• **What you will do**: Retype, exactly and with both ends included, the lines below from the one containing "Heute steht das" through the end; omit the pictures.
+++ Information given
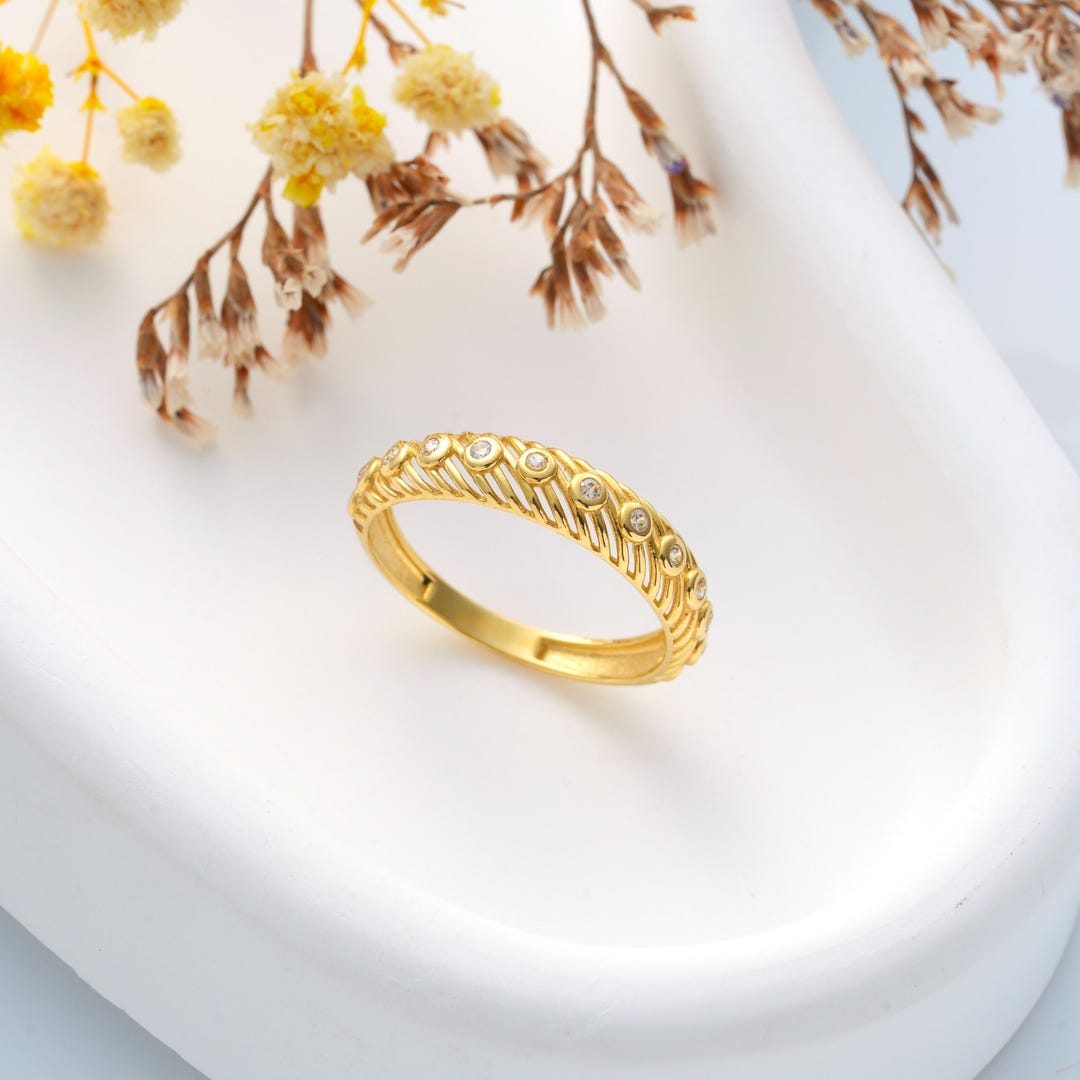14K Gold Diagonal Striped Pattern Ring – Ribbed Bezel Set CZ Diamond ...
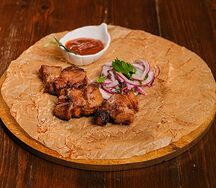 Шашлык из cвинoй шейки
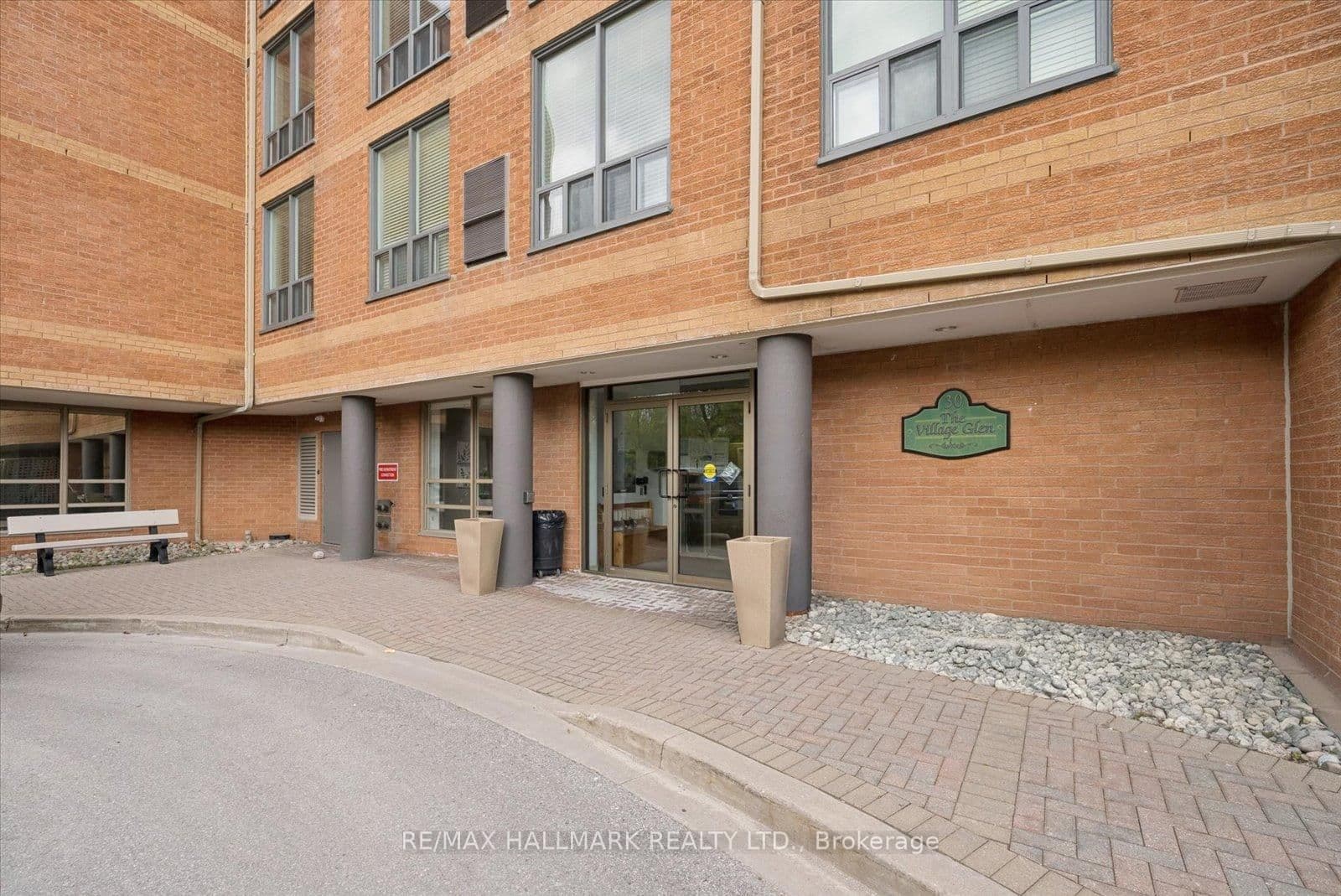 30 Wilson Street, Unit 302 - Image 4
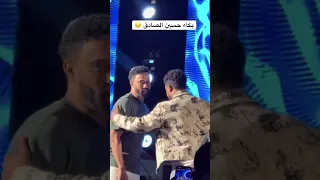 الفنان حسين الصادق يزرف الدمـ وع بعد حضور أخيه أحمد الصادق وصعود المسرح معه بعد إعتزاله الغناء  الفنان حسين الصادق يزرف الدمـ وع بعد حضور أخيه أحمد الصادق وصعود المسرح معه بعد إعتزاله الغناء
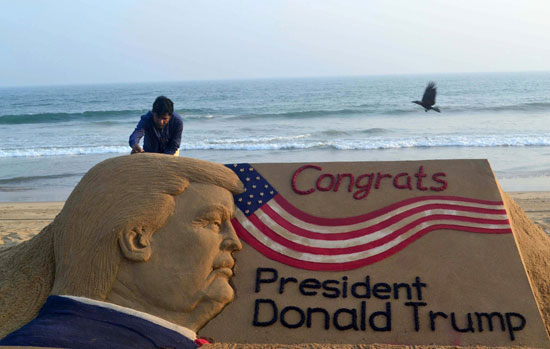 فنان هندى ينحت صورة لدونالد ترامب على الرمال فى الهند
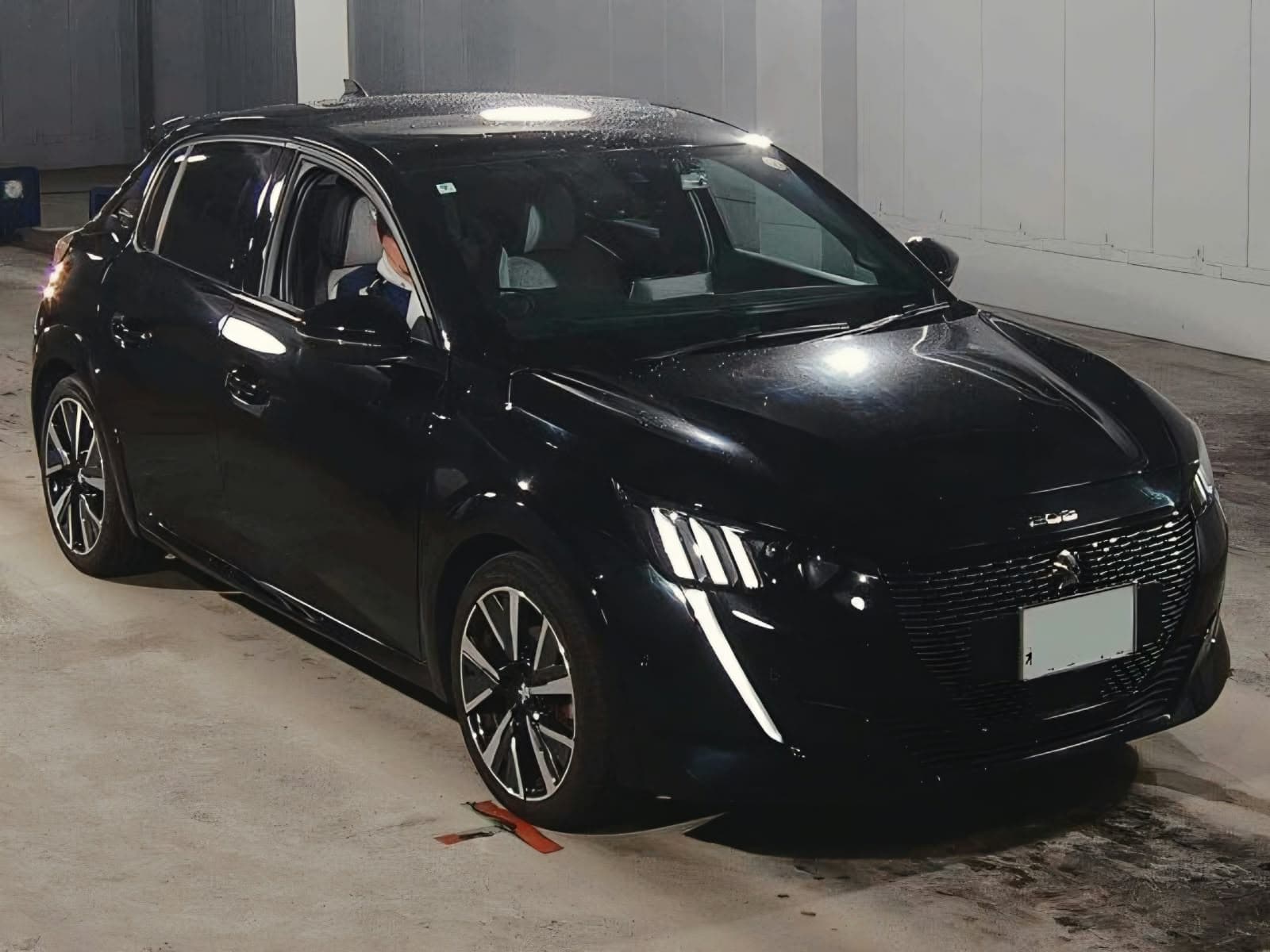 2020 Peugeot 208, photo 3 of 6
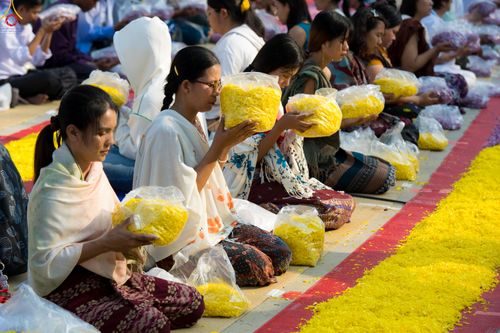 ภาพ No.299336:วันที่ 18 มกราคม พ.ศ. 2569 พิธีต้อนรับพระธรรมยาตรา ณ อนุสรณ์สถานลำดับที่ 5 สถานที่เผยแผ่วิชชาธรรมกายครั้งแรก อนุสรณ์สถานบางปลา วัดบางปลา อำเภอบางเลน จังหวัดนครปฐม ในโครงการธรรมยาตรา กตัญญูบูชา มหาปูชนียาจารย์ พระมงคลเทพมุนี(สด จนฺทสโร) พระผู้ปราบมาร อนุส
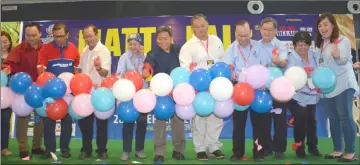  ??  ?? Siaw (fifth right) in a symbolic gesture to officiate at the opening of the Sibu Matta Fair 2018 at Swan Square, joined by (from fifth left) Dayang Azizah, Ling and others.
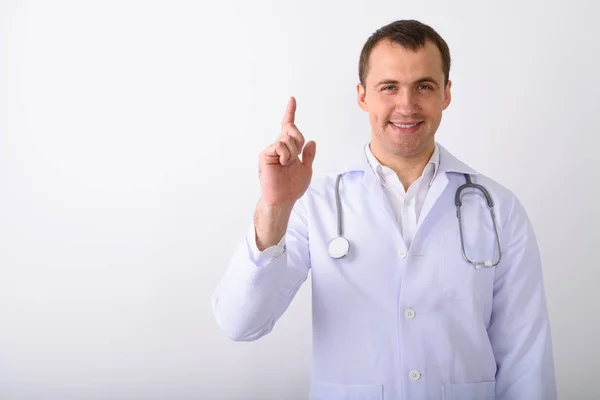 Studio colpo di giovane felice uomo muscolare medico sorridente mentre poi — Foto Stock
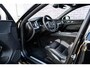 Volvo XC60 2.0 T6 Plug-in hybrid AWD Plus Black Edition | Long Range | Adaptieve Cruise Control | Panoramadak | Stoel en Stuurverwarming | Dodehoek Detectie | 21" |
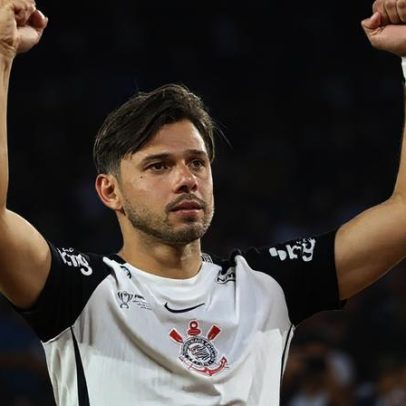 Romero comenta chance de permanecer no Corinthians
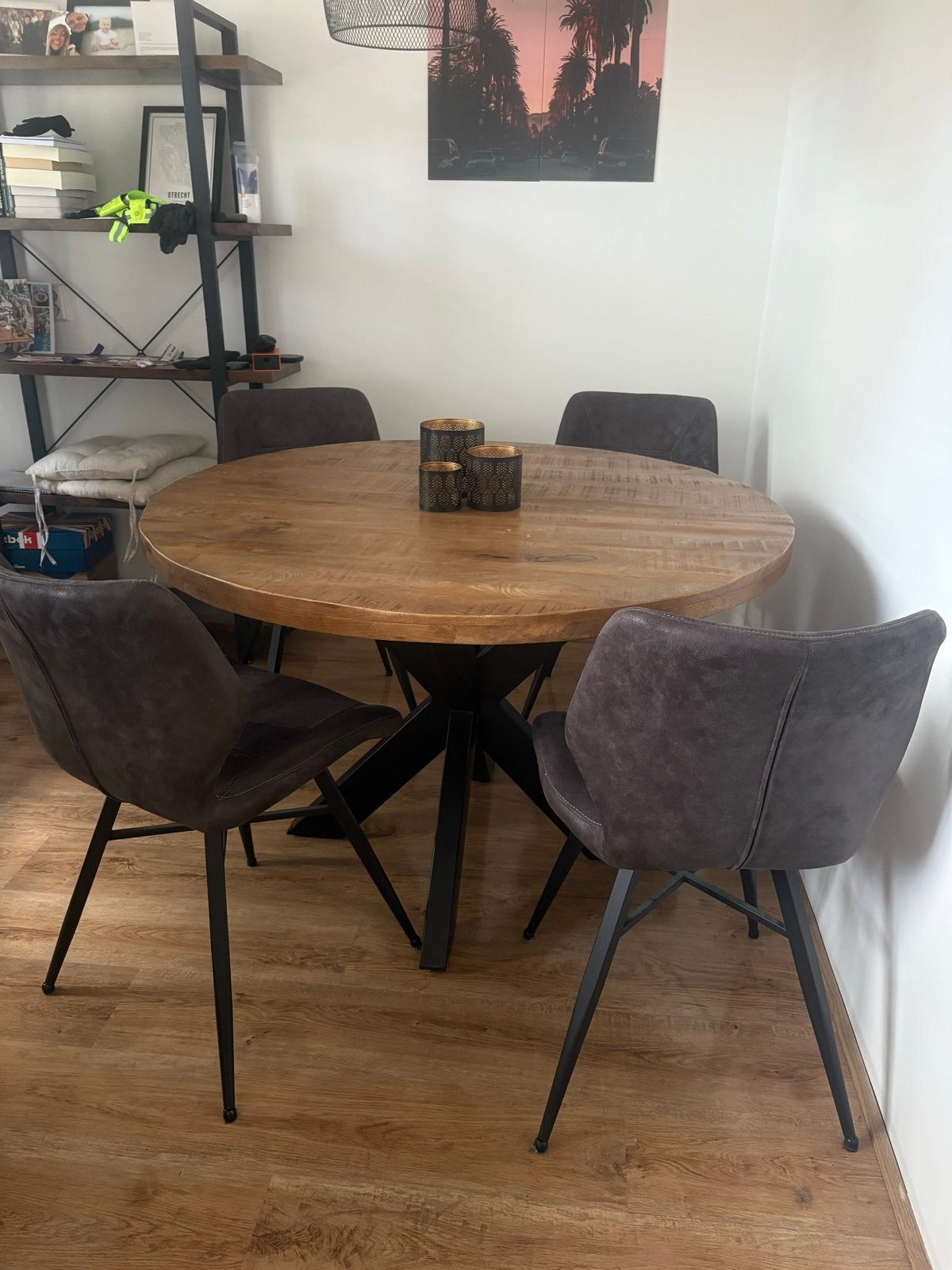 Ronde eettafel met spinnenpoot en 4 stoelen, Huis en Inrichting, Ophalen, 100 tot 150 cm, Rond, Zo goed als nieuw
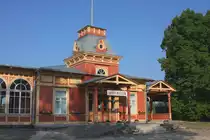 Seitenfl�gel des ehemaligen Hauptbahnhof Haapsalu in Estland.
Heute steht das Geb�ude unter Denkmal Schutz und beherbergt eine
Modellbahn und Eisenbahnsammlung.
Aufnahme 12.6.2011
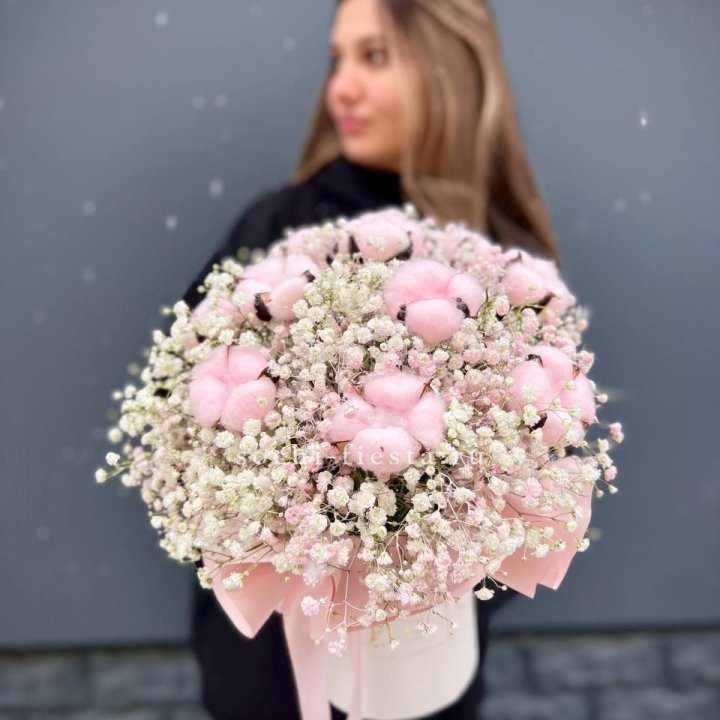 Гипсофилы с хлопком в шляпной коробке в Новокузнецке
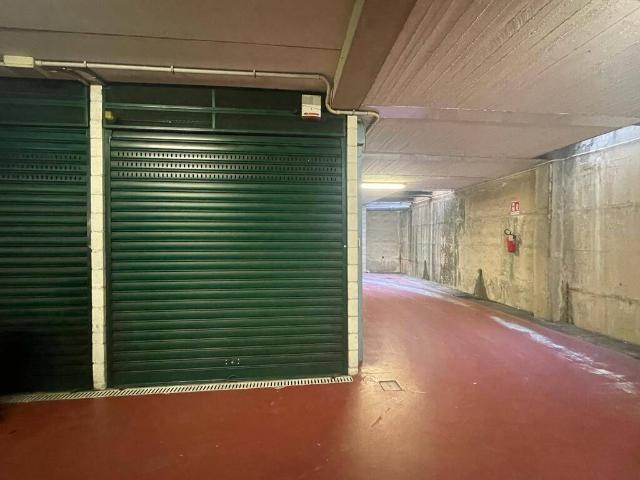 Box in vendita a Medio Levante, Serra Riccò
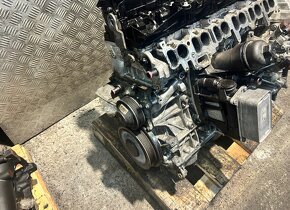 BMW F10 motor 3,0d N57D30B - 6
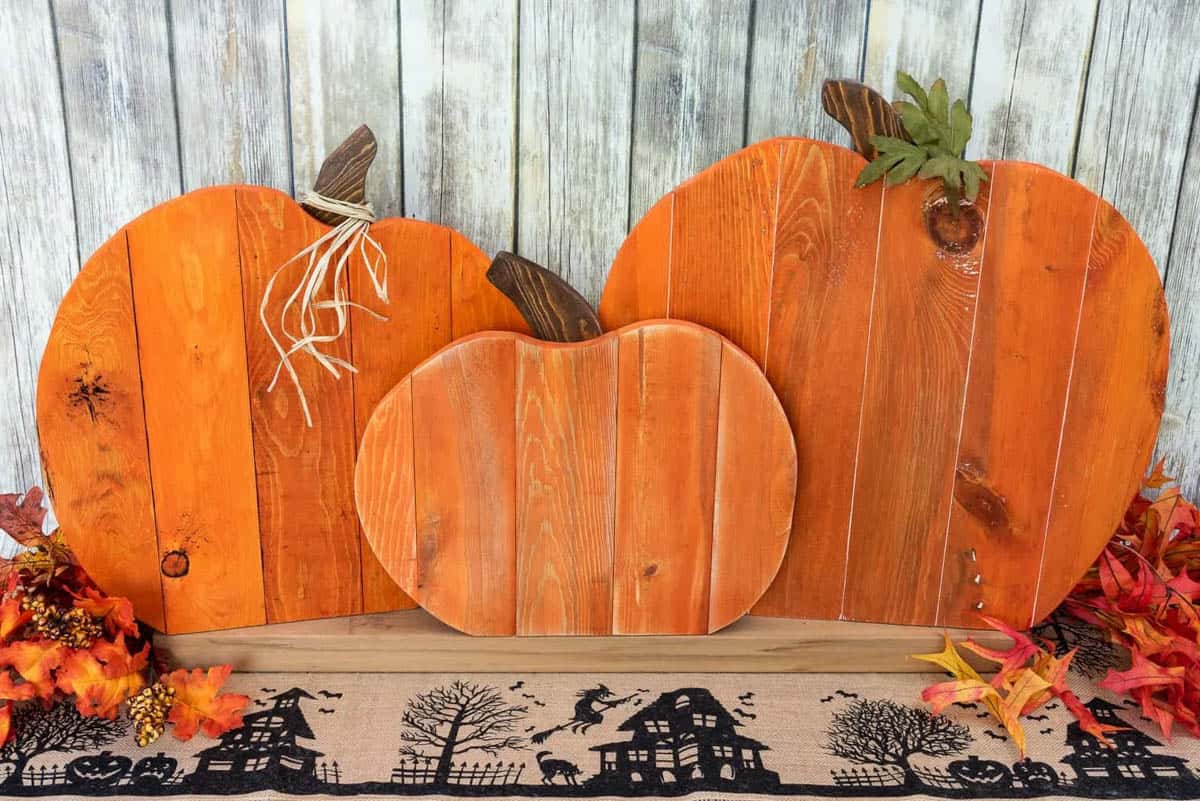 pumpkin trio made using pallet wood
++++++
• **Solution to the exercise**:
Heute steht das Geb�ude unter Denkmal Schutz und beherbergt eine
Modellbahn und Eisenbahnsammlung.
Aufnahme 12.6.2011
 Гипсофилы с хлопком в шляпной коробке в Новокузнецке
 Box in vendita a Medio Levante, Serra Riccò
 BMW F10 motor 3,0d N57D30B - 6
 pumpkin trio made using pallet wood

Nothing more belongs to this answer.